The majority of PK models developed since then have been modifications of the original PK models previously developed. Tranberg and Dencker [25] developed a two-compartment insulin model very much like that of Frost. Home et al. [26] and Kobayashi et al. [27] both used a one-compartment model to fit kinetic parameters from patient data. Hipszer et al. [28] recently used the one-, two-, and three-compartment insulin models to fit insulin data from diabetic patients, concluding that a single insulin compartment is all that is needed to describe insulin kinetics. Salszieder et al. [29] developed a one-compartment model for both insulin and glucose, but increased model complexity in two ways. First, they assumed that glucose production and uptake were best expressed as differential equations. Second, they assumed that insulin accumulation was a function both of the glucose concentration and the derivative of the glucose concentration, an assumption which, as discussed later, forms the basis of many of the control systems designed for glucose control. Parker and Doyle [13] indicated that this model was not able to accurately describe faster dynamic processes associated with glucose regulation.
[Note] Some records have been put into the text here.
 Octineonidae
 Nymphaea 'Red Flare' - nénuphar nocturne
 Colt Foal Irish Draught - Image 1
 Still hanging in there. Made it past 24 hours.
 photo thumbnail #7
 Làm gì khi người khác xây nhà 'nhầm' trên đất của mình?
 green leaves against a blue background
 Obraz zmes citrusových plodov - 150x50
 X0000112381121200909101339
Perhaps the most widely used PK model to describe glucose and insulin kinetics is the minimal model developed by Bergman and Cobelli [30]. The authors chose from seven different PK model structures, including some of the previously developed models, to select the model structure displaying both a strong representation of intravenous glucose tolerance test (IVGTT) data and physiological relevance. The model consists of a single glucose department and two insulin compartments. The pharmacokinetic diagram is given in Figure 1. Glucose elimination is considered to be a nonlinear function of both glucose and a term representing insulin that is bound to liver and peripheral cells. While originally developed based on animal studies, the model was later applied to human studies [31,32], to an oral glucose tolerance test (OGTT) [33], and to a mixed meal test [34].

Figure 1.

Figure 1

Pharmacokinetic diagram of the minimal model. Solid lines represent material appearance or disappearance, and dashed lines represent contributions toward the kinetic appearance or disappearance. The ki’s represent the rate coefficients for each term with respect to the kinetic process.
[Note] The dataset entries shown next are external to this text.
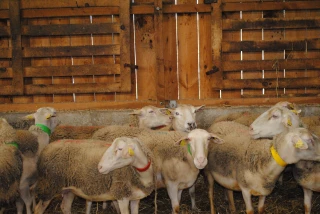 La bergerie est prête pour l’agnelage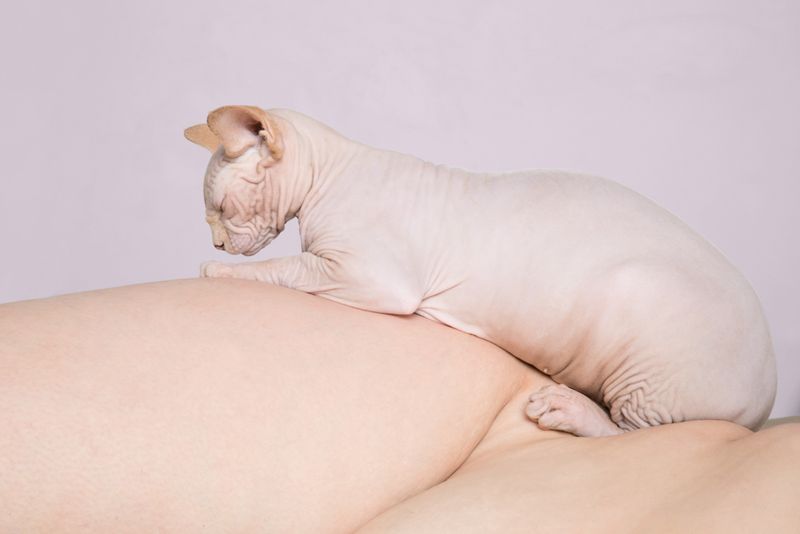 © Stefania Mattioli - Image from the Obesa photography project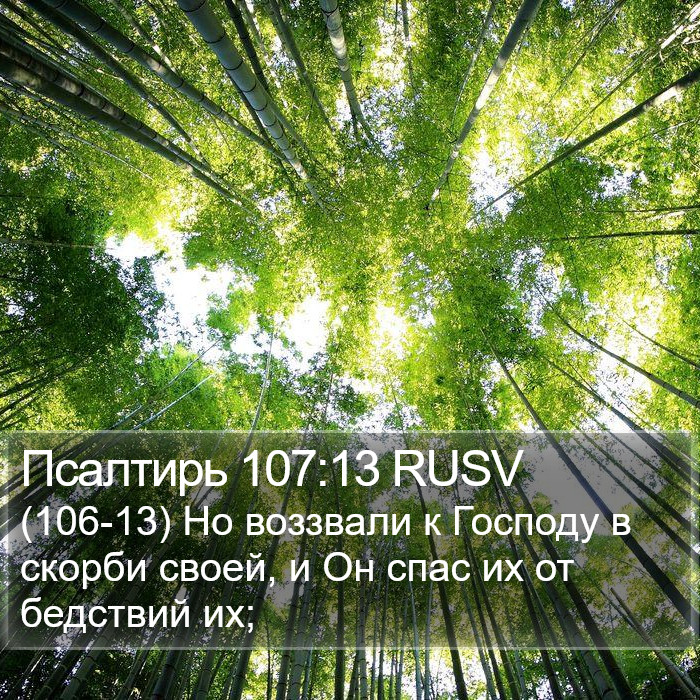 Псалтирь 107:13 RUSV Bible Study
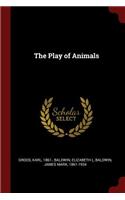 The Play of Animals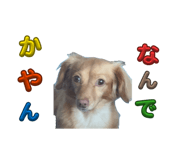 885692008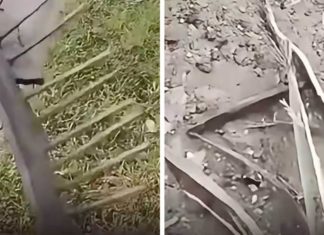 Polis panggil ibu bapa budak letak paku, batu, kayu atas jalan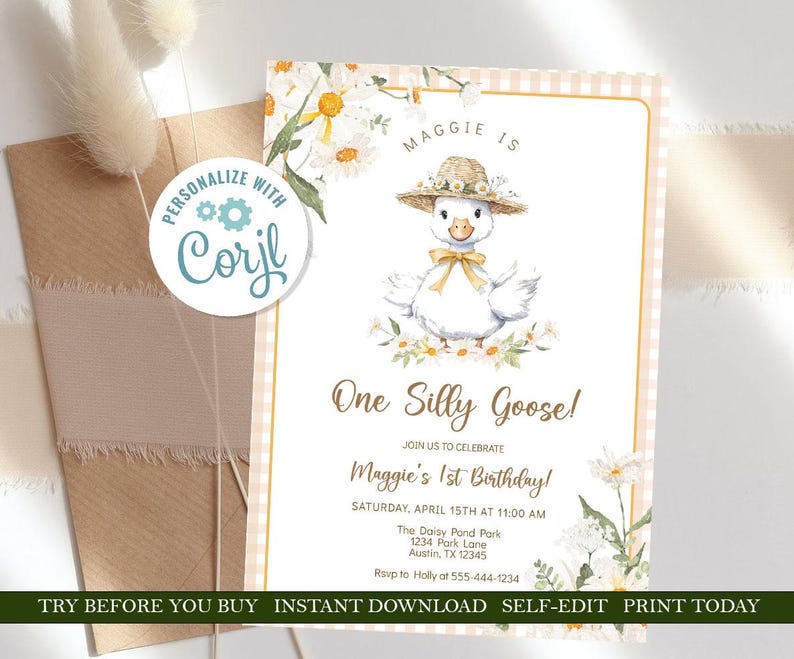 May include: A printable invitation for a first birthday party with a cute cartoon goose wearing a straw hat and surrounded by daisies. The invitation is pink and white gingham with the text "Maggie is One Silly Goose!" and details for the party.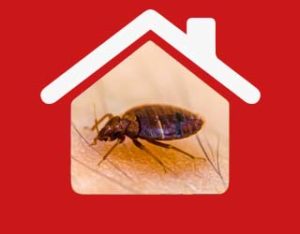 Bed-Bug-Nav1 | Pest2Kill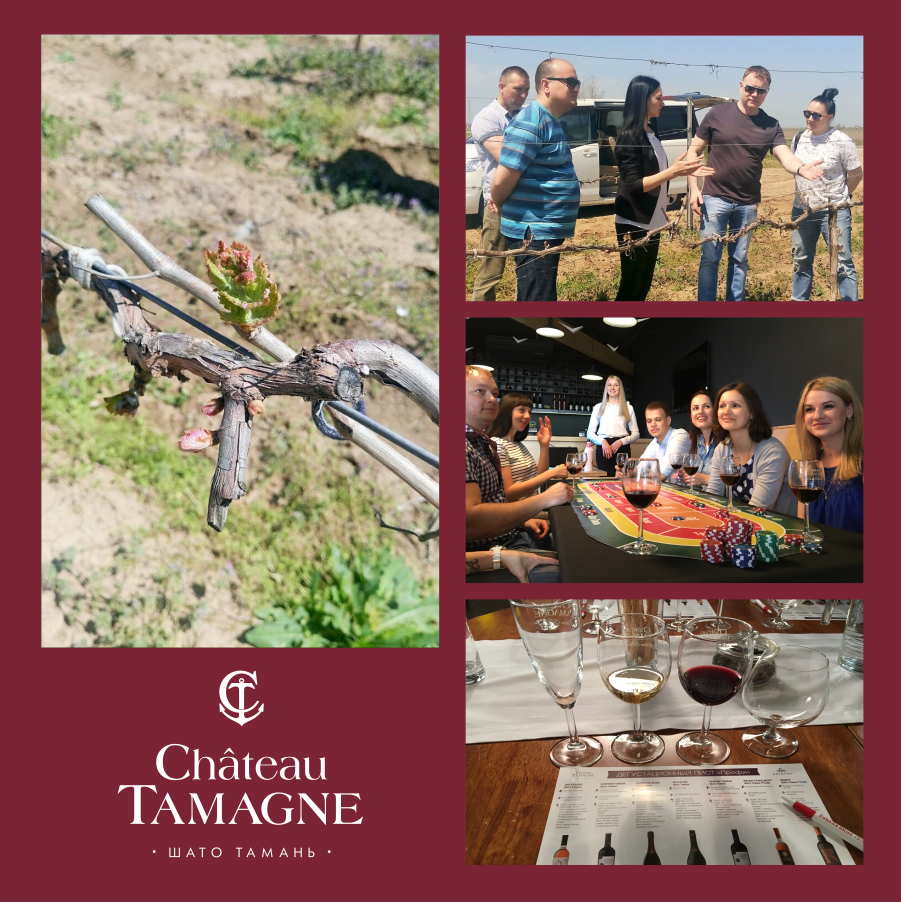 Винодельня «Кубань-Вино» запустила новый туристический проект - комплексные «Винные туры»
There have been several published studies displaying the shortcomings of the minimal model, including the work of Quon et al. [35] and Finegood and Tzur [36]. Both groups found that the minimal model does not accurately quantify the relative contributions of insulin and glucose with respect to glucose uptake. Quon et al., including Cobelli [37] later determined that the problem stemmed from the use of a single glucose compartment. This lead to efforts to develop an improved minimal model, beginning with a two-compartment glucose model by Cobelli et al. [38,39], and ultimately leading to the recently developed hot IVGTT two-compartment minimal model [40]. The model continues to be improved today [41].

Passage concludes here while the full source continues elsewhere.